Dispersal incurs energy, mortality risk, and opportunity costs that are widely believed to trade off with the benefits of dispersal (e.g., reduced competition, increased reproductive success) to influence the propensity to disperse (Bonte et al., 2012; Clobert, Galliard, Cote, Meylan, & Massot, 2009; Ronce & Clobert, 2012). We now have evidence from multiple taxa that dispersing individuals are not a random subset of the population and, instead, differ from residents in morphological, physiological, and behavioral traits (Benard & McCauley, 2008; Edelaar & Bolnick, 2012; Harrison, 1980). These differences may indicate selection for “dispersal phenotypes,” but phenotypic attributes that facilitate dispersal may also induce costs. For example, investment in flight structures for dispersal creates a resource allocation trade‐off with reproduction in many wing dimorphic insects (Denno, Olmstead, & McCloud, 1989; Mole & Zera, 1993). However, the influence of phenotypic variation across dispersing individuals on dispersal distances is relatively unstudied due to the difficulty of directly quantifying dispersal distances in the field (Koenig, Vuren, & Hooge, 1996; Lowe & McPeek, 2012; Nathan, 2001). The rarity of long‐distance dispersal alone suggests that it is costly, and highlights the need to consider the possibility that phenotypic specialization for long‐distance dispersal also creates costs that have gone unrecognized. Indeed, cost–benefit trade‐offs are well documented for the discrete emigration response, but this framework has not been applied to understand variation across individuals in dispersal distance. Instead, variation in dispersal distance is often attributed to extrinsic stochastic or environmental factors (Carlquist, 1981; Morales, 2002; Tufto, Engen, & Hindar, 1997), rather than phenotypic attributes of the individual.

Locomotor performance seems a likely candidate to influence distances that individuals move, as well as potential costs of long‐distance dispersal. Locomotion serves many different functions, including foraging, prey capture, predator escape, and dispersal, each requiring different morphological or physiological specializations. In aquatic vertebrates, morphological specialization to maximize stability and reduce drag comes at a cost to maneuverability (Webb, 1984; Weihs, 2002). These locomotor performance differences may allow sustained swimming for long‐distance dispersal, but create a cost through reduced fast‐starts for prey capture or predator escape. We cannot, however, assess such trade‐offs using indirect, proximate indices of dispersal ability (e.g., velocity, acceleration, maneuverability) because this common approach inherently confounds dispersal with other aspects of locomotor performance (Arnold, Cassey, & White, 2016; Bringloe, Drolet, Barbeau, Forbes, & Gerwing, 2013; Cormont et al., 2011). The lack of direct data on individual dispersal distances and their associated phenotypes under natural conditions has, until now, precluded more rigorous assessment.

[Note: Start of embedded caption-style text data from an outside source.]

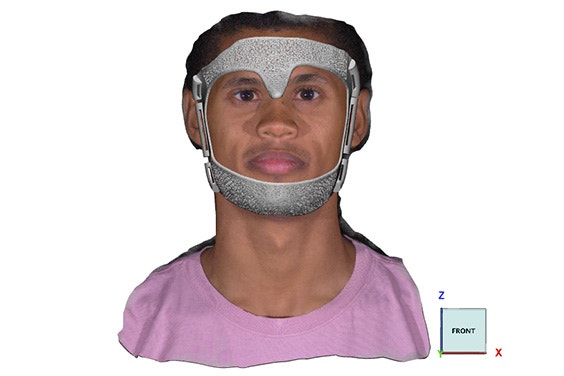 3D-printed immobilization device on a patient's face to precisely position the patient for treatment.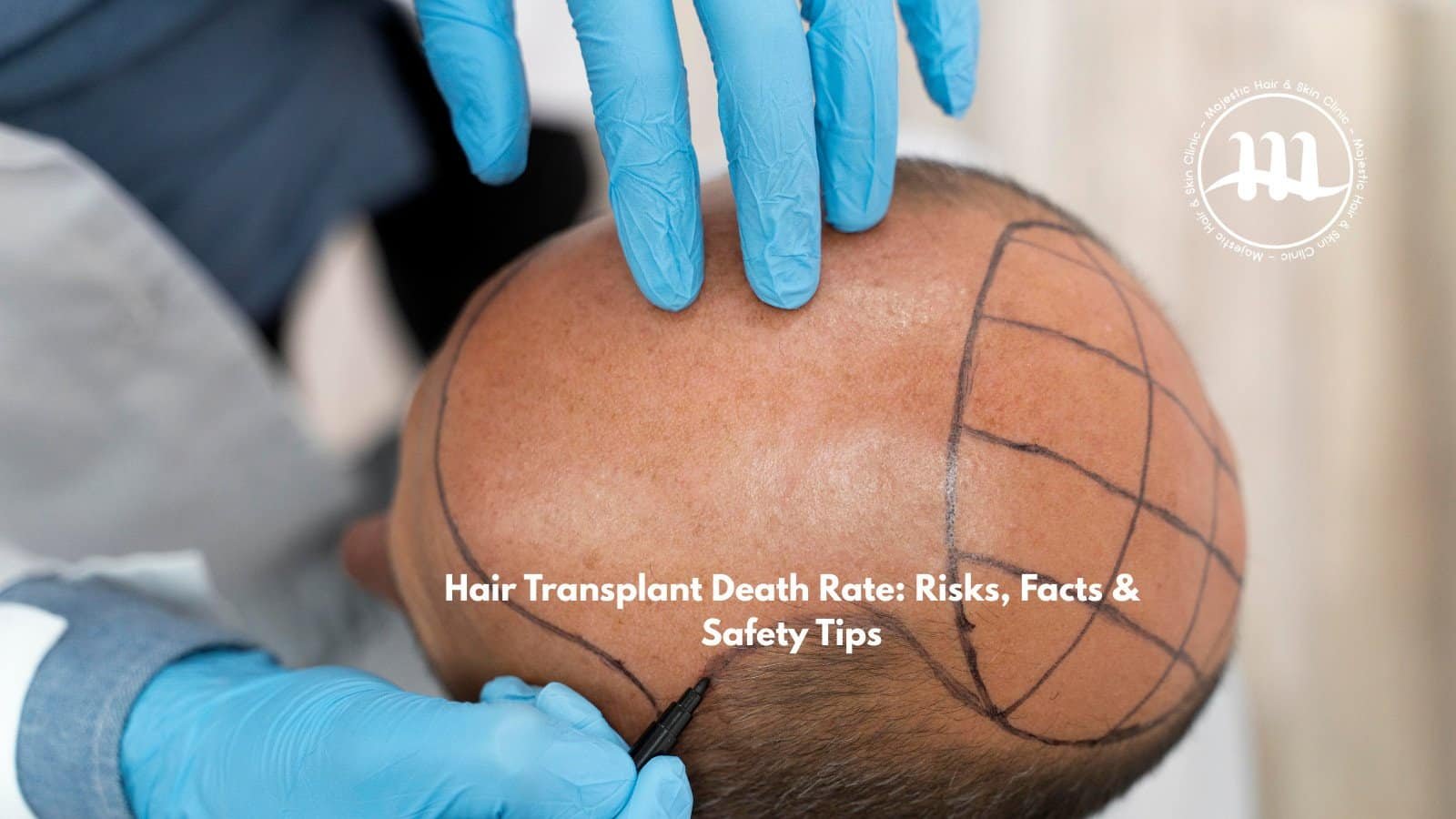 Hair Transplant Death Rate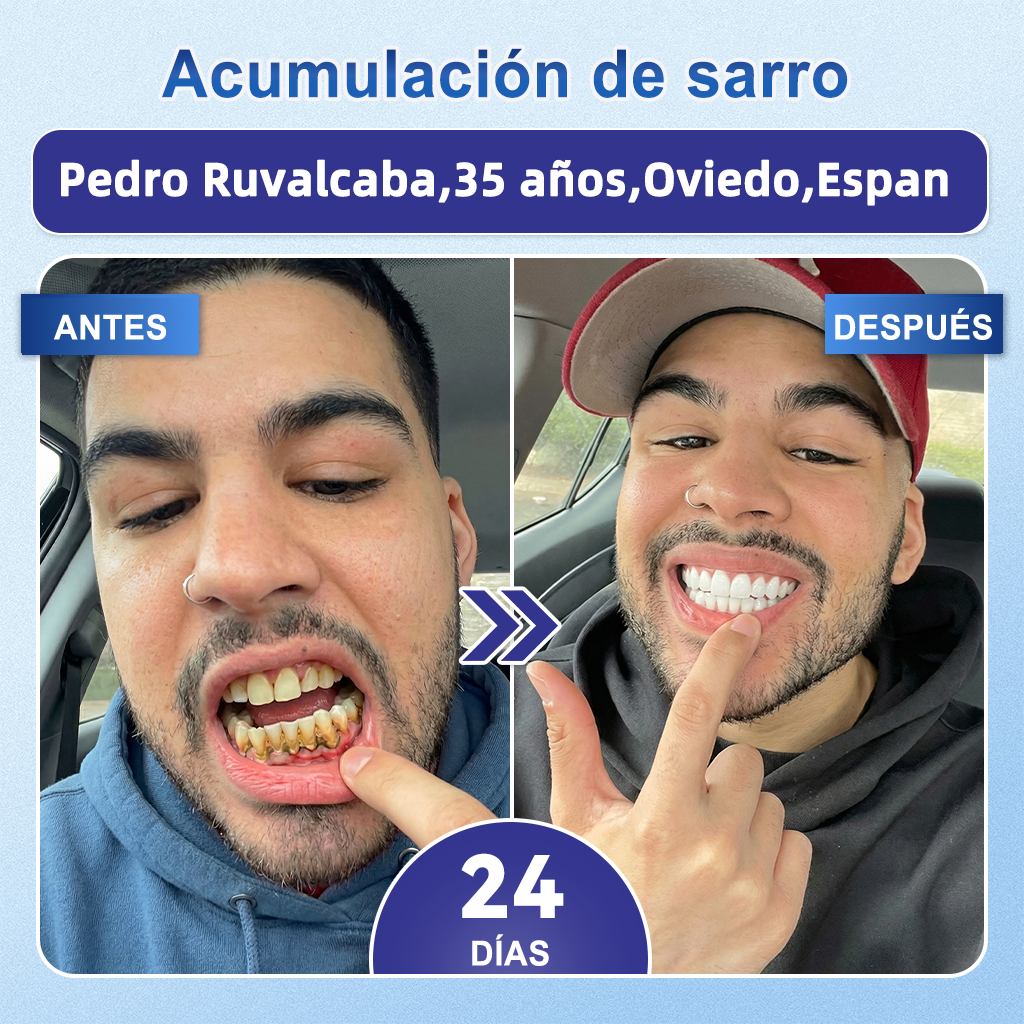 GаrаgеLіnе® 🦷 Tiras Orales de Reparación Rápida de Dientes y Encías con Tideglusib 😁 (Ayuda a reparar los dientes y alivia las molestias en las encías, además de apoyar la salud bucal frente a otros problemas comunes)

We assessed locomotion‐based trade‐offs associated with dispersal distance in the stream salamander Gyrinophilus porphyriticus (Figure 1). Our goal was to provide novel empirical insight on whether phenotypic attributes associated with variation in dispersal distance constrain other aspects of locomotor performance. First, we used 4 years of intensive, spatially explicit capture–mark–recapture data to test for a morphological basis of dispersal distance under natural field conditions. Trunk and leg morphology are known to affect swimming, underwater walking, and terrestrial walking performance in salamanders, respectively (Ashley‐Ross, Lundin, & Johnson, 2009; Azizi & Horton, 2004; D'Août & Aerts, 1997), leading to predictions that these traits may influence dispersal distance in G. porphyriticus. Next, we tested whether morphological traits related to dispersal distance in the field also influenced swimming performance in an experimental water chamber. Gyrinophilus porphyriticus larvae and adults may disperse by swimming, or, given the turbulent nature of headwater streams, may instead walk along the stream bottom or adults only may walk on land (Greene, Lowe, & Likens, 2008; Grover & Wilbur, 2002). However, regardless of the mode of locomotion employed for dispersal, swimming is likely important for other ecological functions, including capture of invertebrate prey and escape from aquatic predators (Brodie, Nowak, & Harvey, 1979; Petranka, 1988; Resetarits, 1995).

Figure 1

Gyrinophilus porphyriticus (photograph by Maddy Cochrane)

MATERIALS AND METHODS

Study species and site

Gyrinophilus porphyriticus belongs to the Plethodontidae, the lungless salamanders, and is found in small, cool, well‐oxygenated streams along the Appalachian uplift in the eastern United States (Petranka, 1988). Larvae are exclusively aquatic (Bruce, 1980) and adults are mainly aquatic but can forage terrestrially at night (Deban & Marks, 2002; Degraaf & Rudis, 1990). During the day, larvae and adults are found in interstitial spaces among cobble (Bruce, 2003). The larval period lasts 3–5 years (Bruce, 1980) and adults can live to be 14 years (W.H. Lowe, unpublished data). Previous work in this system has shown that both larval and adult G. porphyriticus disperse (Lowe, 2003; Lowe, Likens, & Cosentino, 2006), so both life stages were the focus of this study. This species is suited for dispersal studies because movements are generally constrained to linear stream corridors, so detection probability is less affected by movement distance, overcoming a major empirical hurdle (Koenig et al., 1996). Additionally, the relative mobility of G. porphyriticus is low, so surveys can detect a wide range of dispersal distances, including rare long‐distance dispersal events.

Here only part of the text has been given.